PROBLEM REQUIREMENTS:
With the pictures left aside, write out exactly the lines of the listing below from the line with "925 Silver Classic" to the line with "Smiling Woman in Casual Streetwear", both included, and only those.

-- DATA FOR PROCESSING follows --

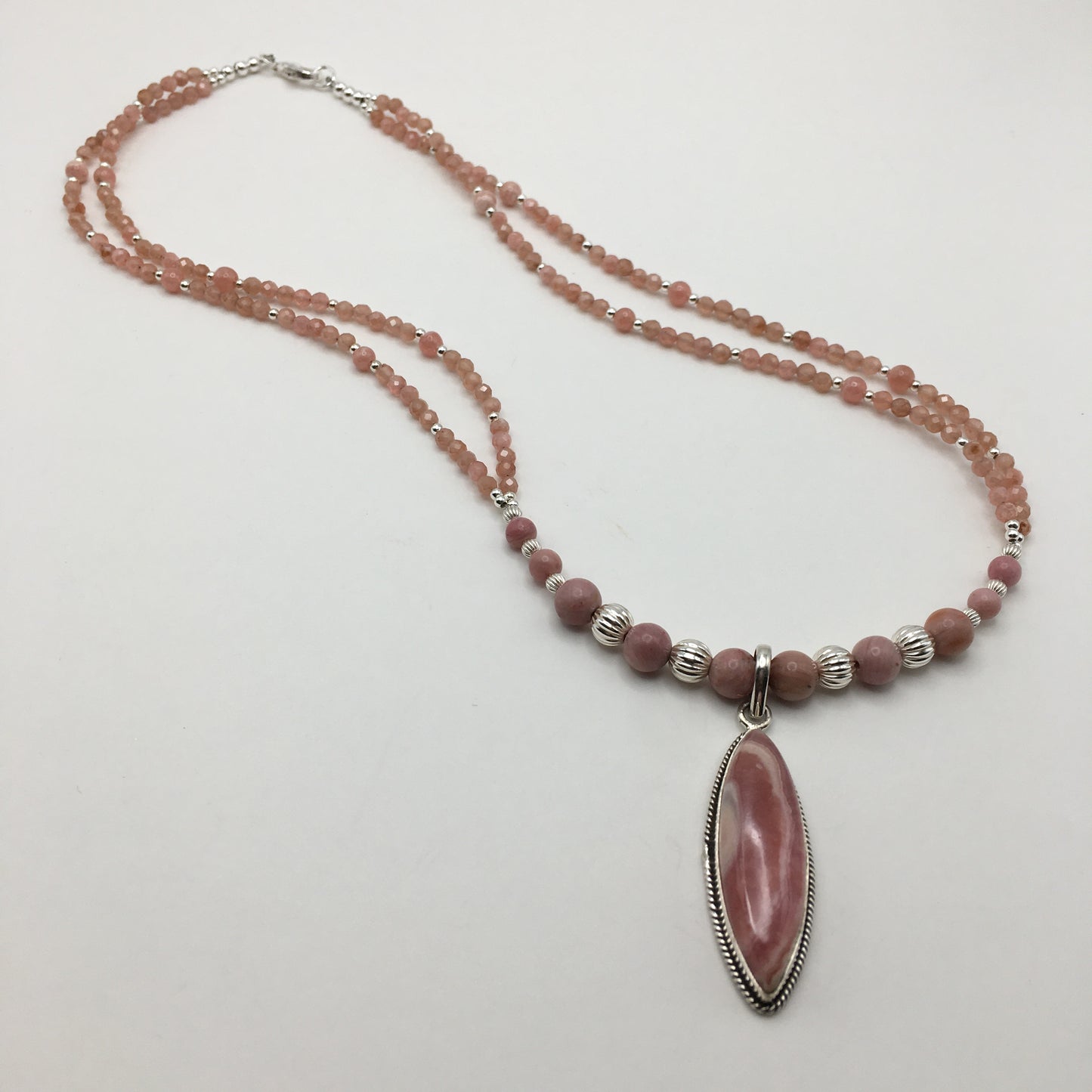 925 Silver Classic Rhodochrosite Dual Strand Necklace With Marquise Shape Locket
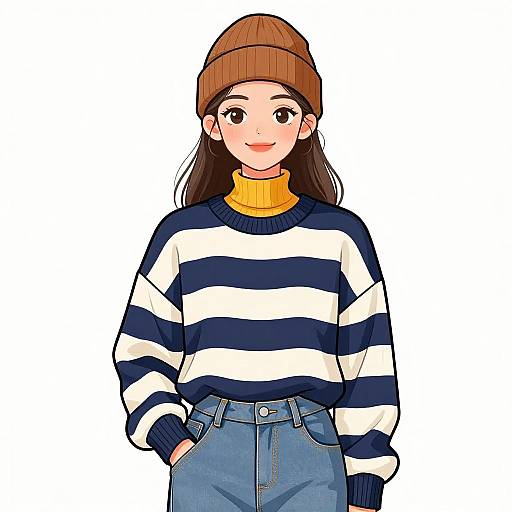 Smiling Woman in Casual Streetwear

-- DATA FOR PROCESSING concluded --
-- DATA FOR PROCESSING follows --

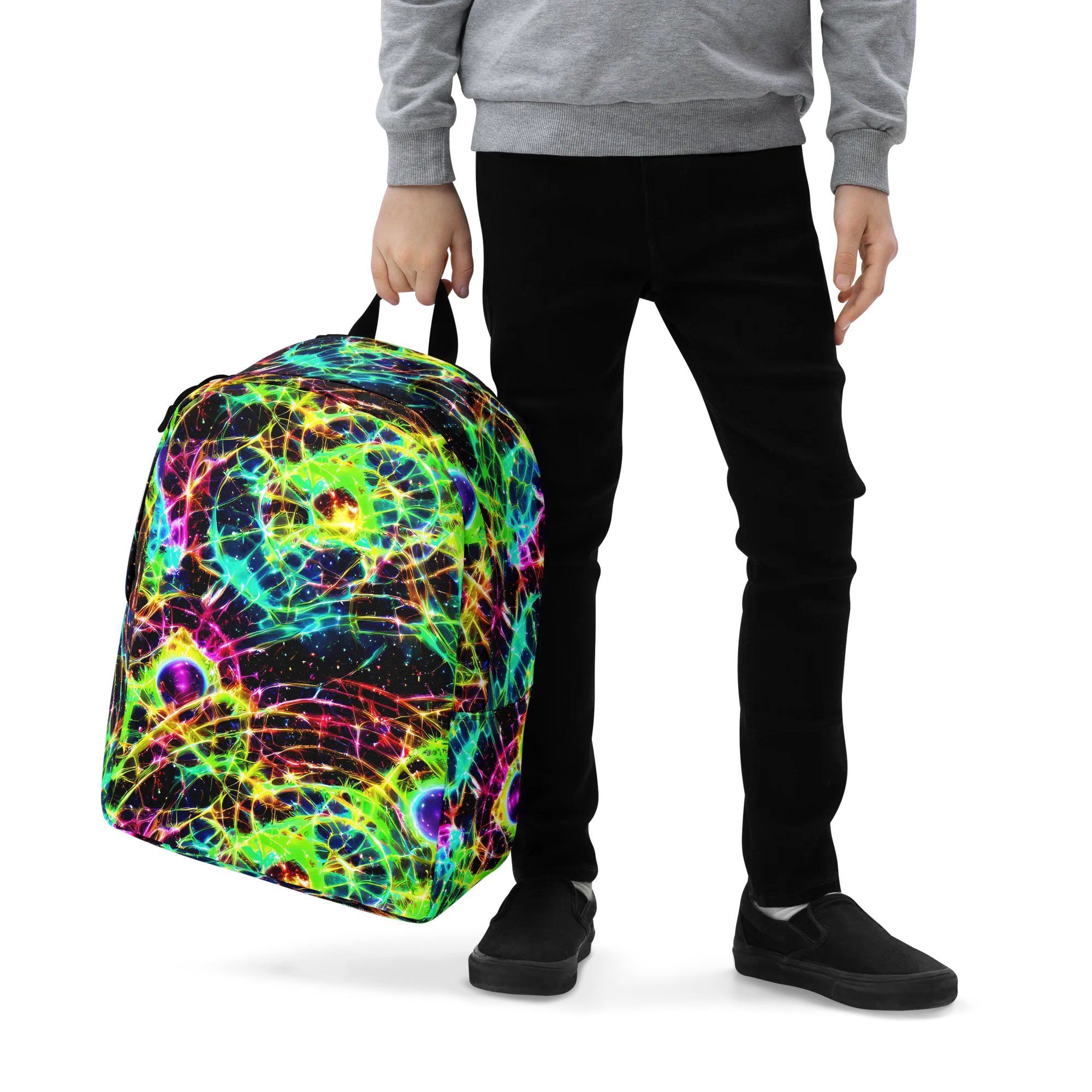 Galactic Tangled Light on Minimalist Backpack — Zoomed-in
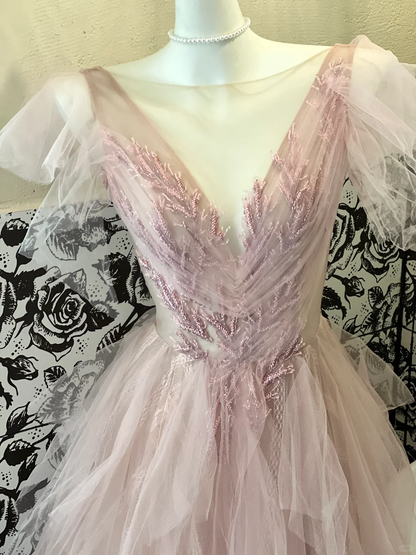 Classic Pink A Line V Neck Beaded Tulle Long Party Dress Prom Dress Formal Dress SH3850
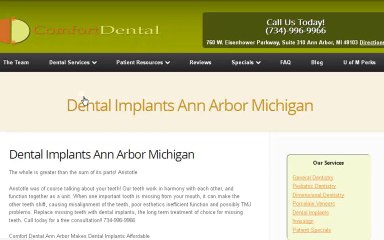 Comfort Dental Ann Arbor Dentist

-- DATA FOR PROCESSING concluded --
-- DATA FOR PROCESSING follows --

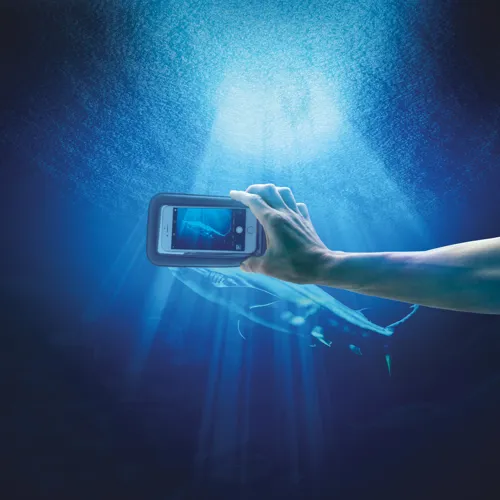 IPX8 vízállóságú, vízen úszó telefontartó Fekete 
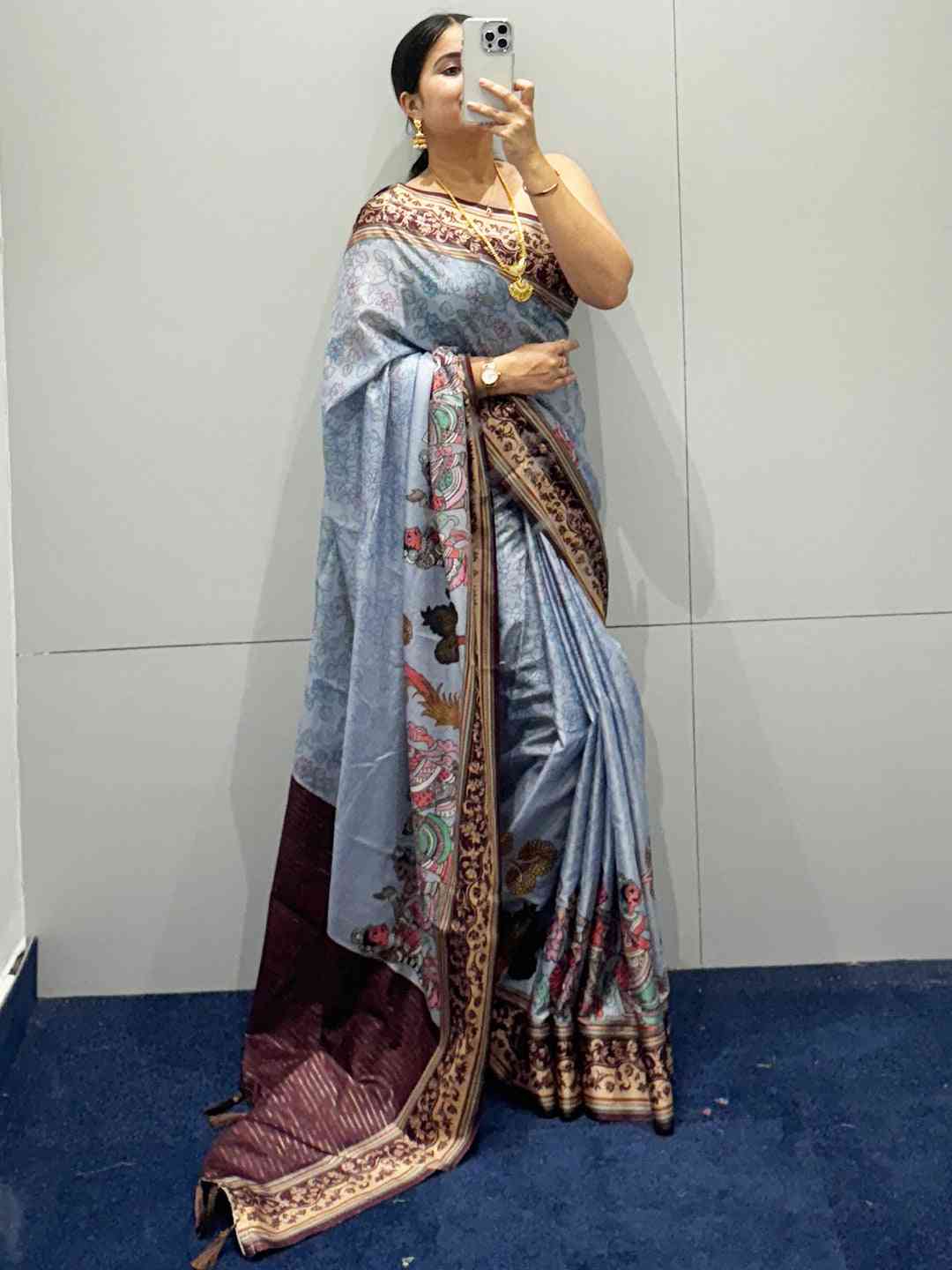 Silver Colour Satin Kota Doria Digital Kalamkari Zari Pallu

-- DATA FOR PROCESSING concluded --

OUTPUT OF THE TASK:
 925 Silver Classic Rhodochrosite Dual Strand Necklace With Marquise Shape Locket
 Smiling Woman in Casual Streetwear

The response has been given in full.